Keir Starmer has conceded he was disappointed in the UK growth figures last week, but denied that his government’s budget was responsible for a recent rise in mortgage rates.
The prime minister told journalists travelling to the G20 summit in Rio: “What we have done with the budget is to stabilise the economy and that, in my view, was the essential first step.
“As a result of that, the forecasts are for interest rates to go down, inflation to go down – you saw the figures around the budget,” he said, adding that mortgage rates were “individual decisions for the banks, but the interest rates will be coming down”.
A string of high street lenders have pushed up mortgage rates modestly in recent days amid expectations of higher inflation. Barclays has increased some fixed-rate deals by as much as 0.56 percentage points.
In the forecasts published alongside last month’s budget, the independent Office for Budget Responsibility (OBR) said it expected inflation to pick up to 2.6% in 2025, “partly due to the direct and indirect impact of budget measures”.
Economists say this higher forecast for inflation – resulting from stronger-than-expected government spending – has been one factor pushing up borrowing costs.
The chancellor, Rachel Reeves, used her budget to announce a £70bn increase in public spending, to fix crumbling public services and invest in infrastructure.
“It’s a big loosening, and that will come with faster growth, higher inflation and higher interest rates,” said James Smith, a research director at the Resolution Foundation, a thinktank.
The Bank of England is still expected to continue cutting interest rates from their current level of 4.75%, but at a slightly slower pace than experts were projecting before the budget.

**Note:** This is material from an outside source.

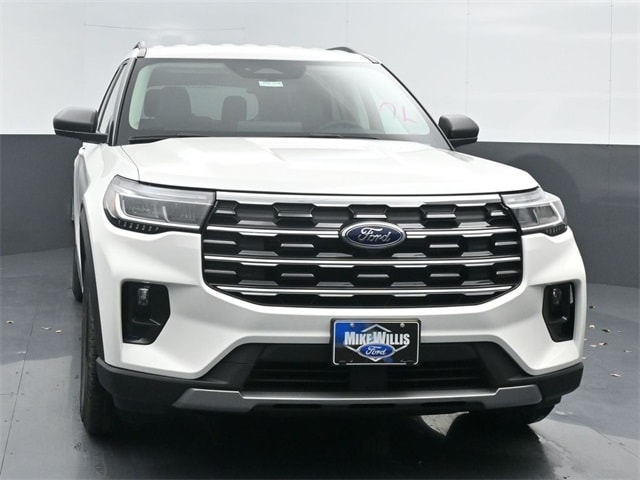 new 2025 Ford Explorer car, priced at $42,105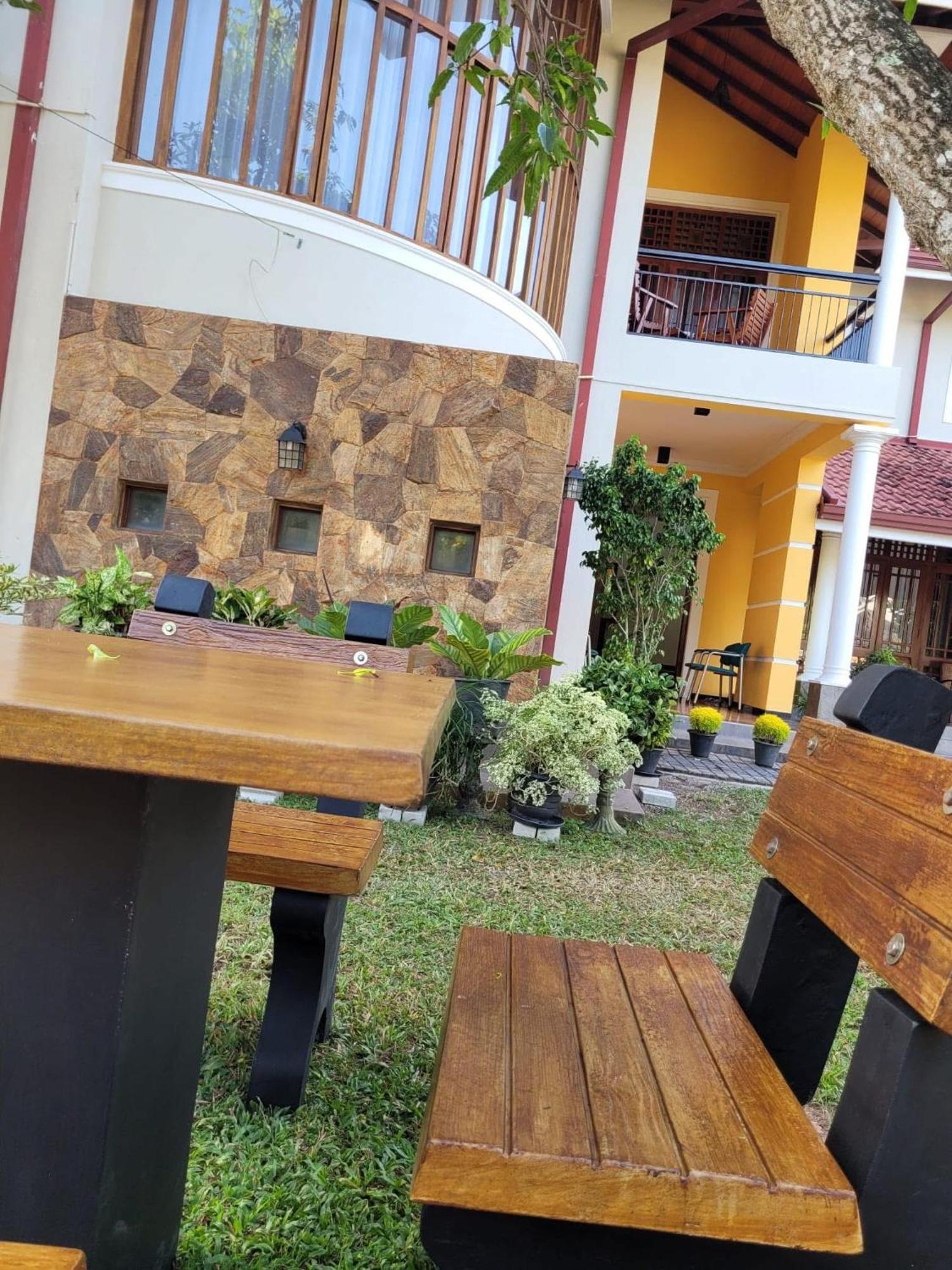 Bigcity Villa - Airport Transit Hotel Katunayaka Buitenkant foto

The shadow chancellor, Mel Stride, attacked Starmer for denying responsibility for mortgage rates. “At the end of the day, his government’s choices will lead to interest rates staying higher for longer, punishing thousands of hard-working families with mortgages for years to come,” he said. “Labour’s desperate spin doesn’t change that reality.”
The moves in mortgage deals in recent days are dwarfed by the sharp jump in the wake of Liz Truss’s mini-budget, however.
When bond yields increased after Reeves’s budget, the chief secretary to the Treasury, Darren Jones, suggested the UK still had “PTSD from Liz Truss”.
Economists stress government policy is far from the only factor lifting mortgage rates, with uncertainty about the impact of Donald Trump’s policies also weighing on markets’ minds.
“Global rates have been going up – in the US, the UK and elsewhere as well,” Smith said. “It’s the Trump effect as much as anything. The budget reaction is smaller than that – but it pushes it in a similar direction.”
Echoing the chancellor’s response to last week’s GDP figures, which showed growth slowing to just 0.1% in the three months to September, the prime minister said it was “not good enough, they’re not satisfactory – I want to go further than that.”
He said: “That’s why we’re working so hard to get the investment we need into the country. But the first step is to stabilise the economy. Do I want better growth? Yes, I do. I don’t think that’s satisfactory and we will be making sure that figure improves.”
Some business groups have suggested the extended period of uncertainty between July’s general election and October’s tax-raising budget damaged confidence over the summer and contributed to the GDP slowdown.
The Bank of England governor, Andrew Bailey, will be questioned by MPs on the cross-party Treasury select committee on Tuesday and is expected to be asked about the impact of the budget on Bank policy.
Bailey caused a stir last week when he waded into the debate about the impact of Brexit, saying it was “weighing” on the UK economy and urging the government to strike up a closer relationship with the EU.
The outlook for the global economy has been clouded significantly by the election of Trump, who plans to impose tariffs – import taxes – on all foreign goods flowing into the US.